Acute acoustic trauma results from a short-lived, single exposure to a high blast of sound. This is a one-time event that may happen on a day a welder works without proper ear protection. The damage done to the ears, in this case, is reversible and may heal without medical intervention. Prolonged exposure to harmful noise levels can lead to chronic acoustic trauma. Chronic acoustic trauma may cause irreversible damage to the ear. It can lead to gradual hearing loss over the period of continuous exposure to the noise.
Flames and Blasts
Due to the high temperatures associated with the welding arc, fires and explosions are a constant risk in this line of work. Welders have to be watchful, especially considering the many gases and flammable synthetic compounds produced during welding.
Common causes for fires and explosion in welding jobs include:
- Welding sparks and the presence of flammable materials or gases
- Electric arc from the welding equipment during the welding process
- Improper use of welding equipment and torches
Fires and explosions in welding sites can injure both workers and other nearby persons. Injuries suffered may result in 1st, 2nd, or 3rd-degree burns, brain injury, amputation, or death.
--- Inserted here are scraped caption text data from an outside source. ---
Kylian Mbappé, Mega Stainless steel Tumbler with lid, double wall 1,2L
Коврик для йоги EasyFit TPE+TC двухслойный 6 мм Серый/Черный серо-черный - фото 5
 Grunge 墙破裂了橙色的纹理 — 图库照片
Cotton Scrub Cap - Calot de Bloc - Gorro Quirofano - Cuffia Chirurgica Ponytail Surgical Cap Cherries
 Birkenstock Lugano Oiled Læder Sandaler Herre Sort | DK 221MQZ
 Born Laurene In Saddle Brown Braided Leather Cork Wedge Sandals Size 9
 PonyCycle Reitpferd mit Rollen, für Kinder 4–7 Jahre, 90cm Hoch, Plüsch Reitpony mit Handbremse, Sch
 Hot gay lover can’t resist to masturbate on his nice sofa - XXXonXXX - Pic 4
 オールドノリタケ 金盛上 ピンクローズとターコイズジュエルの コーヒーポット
Flashes and hot molten metal can soak the air and find a way into the welder’s eyes. Additionally, welders have to be alert to the optical risks of infrared and ultra-violate radiation generated from the welding arc. Types of eye injuries most likely to affect welders include scratches to the sclera, acute hyphen, and welder flash eye. Scratch to the sclera is also referred to as a subconjunctival hemorrhage and results from a bruise to the white part of the eyeball that causes the eye to appear red in color. Acute Hyphen occurs when flying sparks in the welding process may land in the eyes and damage the cornea and iris area. Welder flash eye is a burned or damaged cornea caused by the welding arc’s extremely bright light. Welders’ flash eye may lead to irreversible damage.
Harsh Working Conditions
A welder’s workday is long as welders often have to work for extended periods under difficult conditions with their bodies in uncomfortable positions. Loud noises, optical hazards, and harmful fumes create an environment that places workers at continuous risk. Like other workers, welders are entitled to protective equipment and environments that comply with occupational safety requirements. A workers compensation attorney may help welders that have suffered from injuries on the job to obtain restitution for medical expenses and lost wages.